The Campaign for Adventure
The Campaign for Adventure (CfA) is an initiative which aims to improve understanding of the important benefits for individuals and for society which stem from an adventurous approach to life in all its aspects. This Campaign arises from a developing awareness in many quarters that the increasing tendency to protect people from danger and the concern to avoid risk, if carried too far, will stifle natural creativity and enterprise. The major impetus for the Campaign came from the conference, "A Question of Balance", held at the Royal Geographical Society on November 29th, 2000. This event, chaired by Prince Philip, called for a campaign help balance the ever increasing tendency to try to remove all risk from our lives.
Although CfA is concerned with all aspects of adventurous living, it is appropriate that an article appear in ECOS because understanding and learning through the natural environment is, itself, 'at risk'. There are people, some in positions of great influence, who not understand and are unable to communicate the connection between staying alive on this planet and sustainability in their policy-making and decision-making.
The work of the Campaign has been to lobby for such an understanding on behalf of those who feel that the constant pressure to remove all risk from our lives is deeply damaging. The quality of our lives is being threatened by “stifling natural creativity and enterprise”, just two of the important facets of being human in the 21st centaury.
Of course, one of our major thrusts is within the education debate. We support, and we have strong support from, those who value learning by doing; we are therefore part of the Campaign for Real Learning – where real risks must remain if we are to learn to manage risks well.

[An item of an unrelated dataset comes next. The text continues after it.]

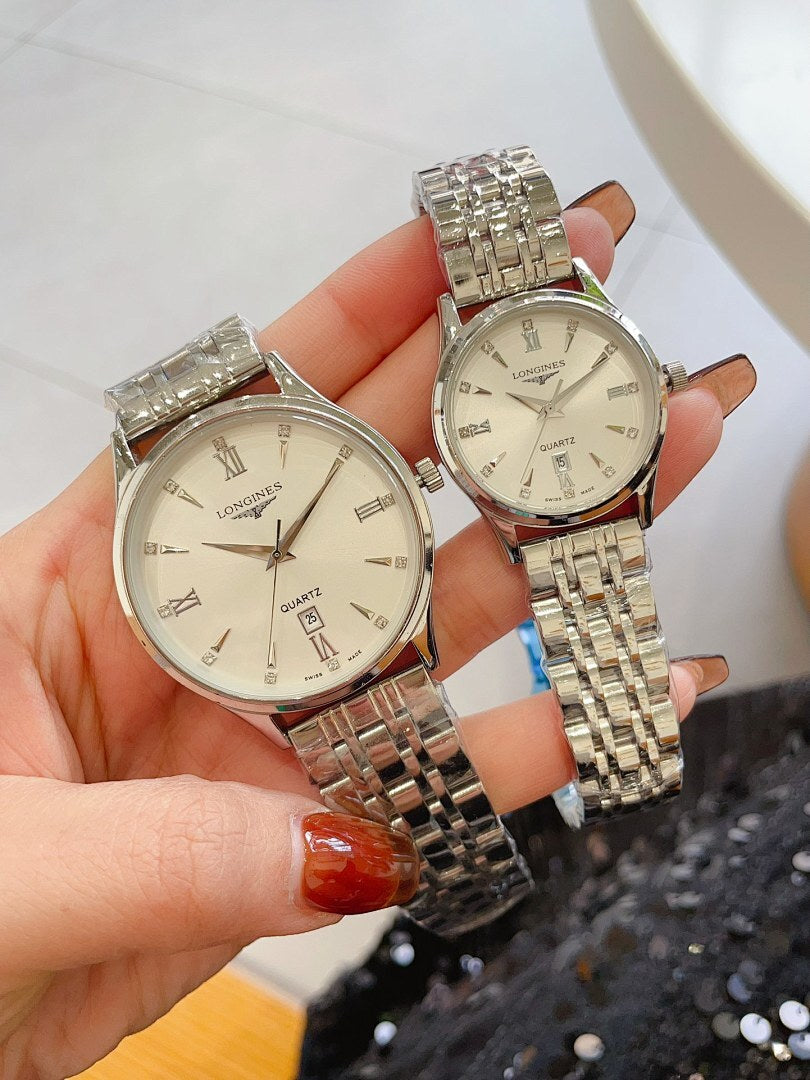 Longines watch pair with silver metal bracelets and light cream round dials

CfA is concerned with all aspects of ‘novelty seeking behaviour’ – the term psychologists apply to the attraction of human beings to adventurous pursuits. The implication of this only becomes clear when ‘adventurous pursuits’ takes its correct interpretation as, for instance, the pursuit of fashion, accessing new skills and understandings, travelling to new places, experiencing new cultures and being inventive. Experiencing such adventures (new experiences) are a right and an obligation through which we evolve; it is how we learn and it is how we unlearn redundant and inappropriate skills, knowledge, values, and attitudes.

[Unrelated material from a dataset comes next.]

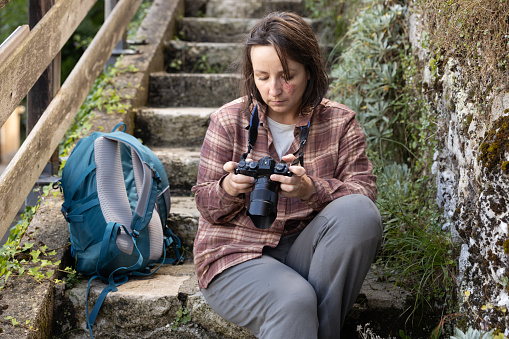Portrait of a female photographer sitting on a stone staircase and viewing photos on a camera. High quality photo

Risk is given a balanced airing in very few arenas. Risk is not a negative term: it is an opportunity to review the balance of potential outcomes in terms of the positive and negative. Whether to stay in and avoid the dangers of the dark, or to go out and enjoy company? To test ones skills, either succeeding or failing, or to never know? To try the untried and invent something, or to accept what has gone before? Here I must quote my Irish Mother: “The more you do of what you’ve done the more you’ll get of what you’ve got.” It is worth applying this as a compulsory statement when looking at any problem, personal, environmental, World….
Adventure is more than novelty seeking behaviour, more than competence development, more that exploration and more than the sum of all these things. A sad and strange tradition has condemned us to understanding adventure as physical and the outdoors. The intellectual, spiritual, social, aesthetic, scientific, political, philosophical, emotional, educational, commercial, environmental, are suggestions of other important areas. Being fully adventurous in any of these areas [going where humanity could go] is, for the media, a chance to slight or show disapproval of someone trying something different. Of course such agents of change do exist, but usually within enthusiastic social clusters such as clubs, societies, institutions and groups, where support can be offered to the daring. Such areas are included within, although not central to (what is central to?), our educational curriculum. However, our education system drives us towards certainty and away from risks. Thus, through our education, we learn our predisposition to risk: that within in all our business, industry, art, education, government, etc., all risk must be removed so that our middle managers can sleep at night.
Professor Heinz Wolff, Emeritus Professor of Biochemistry at Brunel University, TV personality, founder of the Great Egg Race and the Young Scientist of the Year, is supporting CfA. He makes clear his frustration with the risk adverse society. In his recent address to the All Party Parliamentary Group on Risk and Adventure in Society, he stated “There is unanimous support, especially amongst civil servants, for limiting human beings and little support for expanding them.”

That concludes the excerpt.